« Depuis la crise de 2008, l’industrie mondiale a soufflé sur les braises déjà brûlantes des inégalités »

Economie

Depuis le Forum économique mondial de Davos de 2009, la fortune de ses participants a explosé, en dépit des discours de bonne volonté, faisant le lit de la crise sociale, explique Philippe Escande, éditorialiste économique au « Monde ».

C’était il y a dix ans tout juste. Dans l’ambiance ouatée de la station alpine de Davos, au cœur de la Suisse, l’ambiance était morose. Le monde des affaires réuni en son forum annuel ne parlait que de la crise, survenue quatre mois plus tôt avec la faillite retentissante de la banque Lehman Brothers. Industriels et banquiers, au bord de la faillite, broyaient du noir en pensant à demain. Comme le rappelle opportunément l’agence Bloomberg, l’une des sessions s’intitulait : « Que peut faire l’industrie mondiale pour éviter un choc social ».

L’industrie mondiale n’a rien fait et le choc social est là. Ou plutôt, elle a soufflé sur les braises déjà brûlantes des inégalités. Selon Bloomberg, la fortune de la douzaine des plus riches participants américains au forum de 2009, qui dissertaient savamment sur les risques du monde, s’est accrue de 175 milliards de dollars (154 milliards d’euros), quand celle du salaire médian du travailleur américain a stagné. Et les colères sociales qui en sont résultées, sous la forme de l’élection de Trump aux Etats-Unis, du Brexit en Grande-Bretagne ou des « gilets jaunes » en France, n’ont manifestement pas atténué le phénomène. Ainsi, le salaire du premier banquier américain, Jamie Dimon, le patron de JP Morgan Chase, a dépassé les 30 millions de dollars en 2018, soit 5 % de plus que l’année précédente. Plus que la croissance du salaire de ses propres employés. Au total, la fortune de Dimon a été multipliée par six depuis ce fameux Davos de 2009.

Un sentiment d’abandon

Décidément, Carlos Ghosn aurait dû être banquier américain. Il aurait peut-être été moins tenté de jongler avec les filiales étrangères pour arrondir ses fins de mois. Il aurait pu tout aussi bien travailler chez Disney. Son PDG Bob Iger, réputé proche des démocrates, a reçu en 2018 un paquet financier de 65 millions de dollars dont la moitié en action. De quoi voir venir. Cette situation générale est le résultat de la croissance exceptionnelle de Wall Street ces dix dernières années et du redressement de l’économie américaine portée par une politique de taux très bas.

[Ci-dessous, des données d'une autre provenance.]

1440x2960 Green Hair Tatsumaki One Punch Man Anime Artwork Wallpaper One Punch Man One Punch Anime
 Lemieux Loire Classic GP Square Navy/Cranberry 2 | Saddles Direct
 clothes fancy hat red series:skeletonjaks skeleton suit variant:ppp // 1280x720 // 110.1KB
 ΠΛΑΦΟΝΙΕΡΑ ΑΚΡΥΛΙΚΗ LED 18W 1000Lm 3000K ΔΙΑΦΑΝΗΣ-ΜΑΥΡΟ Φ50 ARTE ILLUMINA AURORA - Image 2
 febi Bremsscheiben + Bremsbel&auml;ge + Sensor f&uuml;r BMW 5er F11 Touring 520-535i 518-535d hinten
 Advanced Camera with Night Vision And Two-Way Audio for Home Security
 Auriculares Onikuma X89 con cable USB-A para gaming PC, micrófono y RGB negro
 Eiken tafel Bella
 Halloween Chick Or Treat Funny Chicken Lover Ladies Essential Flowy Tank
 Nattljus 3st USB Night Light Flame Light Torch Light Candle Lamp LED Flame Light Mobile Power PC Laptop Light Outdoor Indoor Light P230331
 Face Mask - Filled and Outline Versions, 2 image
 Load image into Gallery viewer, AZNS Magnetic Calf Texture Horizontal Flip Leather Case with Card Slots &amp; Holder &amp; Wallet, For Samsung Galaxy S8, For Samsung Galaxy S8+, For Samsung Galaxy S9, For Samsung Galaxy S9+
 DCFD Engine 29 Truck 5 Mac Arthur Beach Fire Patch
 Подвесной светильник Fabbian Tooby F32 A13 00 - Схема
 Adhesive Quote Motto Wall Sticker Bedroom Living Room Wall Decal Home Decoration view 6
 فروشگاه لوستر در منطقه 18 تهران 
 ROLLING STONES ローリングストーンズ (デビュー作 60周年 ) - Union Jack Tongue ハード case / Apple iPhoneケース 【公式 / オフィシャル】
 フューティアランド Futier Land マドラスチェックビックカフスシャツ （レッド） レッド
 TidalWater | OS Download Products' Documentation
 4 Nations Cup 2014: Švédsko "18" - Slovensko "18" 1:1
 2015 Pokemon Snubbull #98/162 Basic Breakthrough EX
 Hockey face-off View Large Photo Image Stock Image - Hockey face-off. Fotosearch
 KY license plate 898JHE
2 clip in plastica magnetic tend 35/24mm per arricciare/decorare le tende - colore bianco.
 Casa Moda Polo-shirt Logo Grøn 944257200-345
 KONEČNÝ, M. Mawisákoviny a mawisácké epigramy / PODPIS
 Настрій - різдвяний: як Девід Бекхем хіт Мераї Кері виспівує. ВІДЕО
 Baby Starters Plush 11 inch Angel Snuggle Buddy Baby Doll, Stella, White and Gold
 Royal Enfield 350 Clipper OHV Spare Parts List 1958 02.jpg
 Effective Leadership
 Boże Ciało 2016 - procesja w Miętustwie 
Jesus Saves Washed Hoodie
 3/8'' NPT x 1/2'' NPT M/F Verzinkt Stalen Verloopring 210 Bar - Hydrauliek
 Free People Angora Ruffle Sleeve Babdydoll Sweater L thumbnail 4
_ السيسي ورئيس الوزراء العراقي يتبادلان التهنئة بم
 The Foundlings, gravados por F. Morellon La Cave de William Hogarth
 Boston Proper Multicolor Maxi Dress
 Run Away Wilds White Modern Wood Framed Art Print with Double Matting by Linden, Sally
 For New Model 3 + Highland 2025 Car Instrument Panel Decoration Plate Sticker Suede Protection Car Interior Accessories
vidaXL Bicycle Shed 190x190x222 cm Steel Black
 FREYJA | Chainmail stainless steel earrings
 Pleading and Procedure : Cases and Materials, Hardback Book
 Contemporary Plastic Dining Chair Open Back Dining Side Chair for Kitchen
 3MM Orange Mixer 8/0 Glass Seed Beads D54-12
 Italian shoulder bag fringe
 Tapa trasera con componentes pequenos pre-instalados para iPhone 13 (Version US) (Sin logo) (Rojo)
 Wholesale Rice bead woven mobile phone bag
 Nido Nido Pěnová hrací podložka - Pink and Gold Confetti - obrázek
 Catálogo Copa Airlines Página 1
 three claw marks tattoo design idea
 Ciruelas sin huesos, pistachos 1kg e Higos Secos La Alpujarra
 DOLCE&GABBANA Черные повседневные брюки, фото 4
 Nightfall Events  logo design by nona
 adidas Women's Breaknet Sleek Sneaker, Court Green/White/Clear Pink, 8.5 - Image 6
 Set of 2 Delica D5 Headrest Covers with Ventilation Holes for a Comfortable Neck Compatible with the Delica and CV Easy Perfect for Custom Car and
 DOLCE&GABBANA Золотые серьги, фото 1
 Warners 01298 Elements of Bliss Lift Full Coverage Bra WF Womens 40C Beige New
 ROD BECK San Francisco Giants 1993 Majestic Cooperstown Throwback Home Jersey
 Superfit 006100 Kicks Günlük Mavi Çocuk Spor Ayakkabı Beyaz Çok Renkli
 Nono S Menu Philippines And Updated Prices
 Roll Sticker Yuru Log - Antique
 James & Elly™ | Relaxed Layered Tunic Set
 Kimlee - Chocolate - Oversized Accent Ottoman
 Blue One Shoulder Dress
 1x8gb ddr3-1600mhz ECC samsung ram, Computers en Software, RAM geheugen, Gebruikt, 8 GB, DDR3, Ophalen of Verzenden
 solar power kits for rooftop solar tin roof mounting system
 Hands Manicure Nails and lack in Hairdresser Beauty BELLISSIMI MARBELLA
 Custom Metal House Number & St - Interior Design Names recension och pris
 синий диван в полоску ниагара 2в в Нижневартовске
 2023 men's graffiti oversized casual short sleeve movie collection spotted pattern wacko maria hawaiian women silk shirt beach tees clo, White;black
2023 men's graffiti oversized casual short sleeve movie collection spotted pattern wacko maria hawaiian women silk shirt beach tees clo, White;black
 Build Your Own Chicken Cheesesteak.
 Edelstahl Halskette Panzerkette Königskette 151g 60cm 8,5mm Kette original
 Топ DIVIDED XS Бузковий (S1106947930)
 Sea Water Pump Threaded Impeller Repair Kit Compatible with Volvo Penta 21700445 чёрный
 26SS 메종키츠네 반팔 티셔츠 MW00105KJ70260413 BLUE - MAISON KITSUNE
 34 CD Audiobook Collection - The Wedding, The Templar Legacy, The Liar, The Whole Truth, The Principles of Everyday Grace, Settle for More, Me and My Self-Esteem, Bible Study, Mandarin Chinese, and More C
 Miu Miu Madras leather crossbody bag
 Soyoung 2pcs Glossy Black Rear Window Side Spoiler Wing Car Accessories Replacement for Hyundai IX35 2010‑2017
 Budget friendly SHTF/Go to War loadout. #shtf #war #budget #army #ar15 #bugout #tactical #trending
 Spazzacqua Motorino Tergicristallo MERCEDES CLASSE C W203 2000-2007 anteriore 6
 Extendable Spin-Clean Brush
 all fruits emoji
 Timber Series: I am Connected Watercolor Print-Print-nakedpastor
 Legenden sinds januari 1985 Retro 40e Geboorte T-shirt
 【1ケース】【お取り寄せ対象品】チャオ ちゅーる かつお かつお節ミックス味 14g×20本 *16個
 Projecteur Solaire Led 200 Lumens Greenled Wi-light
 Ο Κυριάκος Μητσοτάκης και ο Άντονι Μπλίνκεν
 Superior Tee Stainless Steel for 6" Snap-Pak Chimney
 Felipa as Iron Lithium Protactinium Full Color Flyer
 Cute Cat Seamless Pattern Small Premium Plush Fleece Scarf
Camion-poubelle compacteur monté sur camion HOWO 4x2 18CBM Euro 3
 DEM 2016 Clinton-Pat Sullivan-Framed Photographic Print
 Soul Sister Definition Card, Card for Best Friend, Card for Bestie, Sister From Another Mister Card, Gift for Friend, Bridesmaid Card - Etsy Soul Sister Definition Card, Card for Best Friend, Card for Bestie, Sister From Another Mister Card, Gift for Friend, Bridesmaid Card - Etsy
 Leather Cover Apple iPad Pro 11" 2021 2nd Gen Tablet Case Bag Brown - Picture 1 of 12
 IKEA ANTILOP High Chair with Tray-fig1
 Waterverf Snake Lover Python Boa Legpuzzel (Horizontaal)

On a longtemps cru à Davos que le problème, ce n’était pas les riches, mais les pauvres. Et que si les milliardaires s’en occupaient, les malheurs du monde seraient résolus. Mais l’accroissement de l’écart entre la classe moyenne et la supérieure, la déqualification des emplois et le blocage de la mobilité sociale (et donc la reproduction endogène des élites) ont plongé une bonne part de la population des pays développés dans un sentiment d’abandon et de rancœur propice à toutes les aventures politiques. Les bons sentiments dispensés chaque année dans la petite station des Grisons sont restés lettre morte. Et aujourd’hui, les leaders politiques occupés à régler leurs crises internes ont déserté les Alpes laissant seuls ceux que le chanteur Bono du groupe U2 avait appelés les « fat cat in the snow ». Des gros chats dans la neige qui dissertent confortablement sur le bien de la planète mais ne font rien pour modifier des comportements dont nous n’avons pas fini de mesurer les conséquences politiques.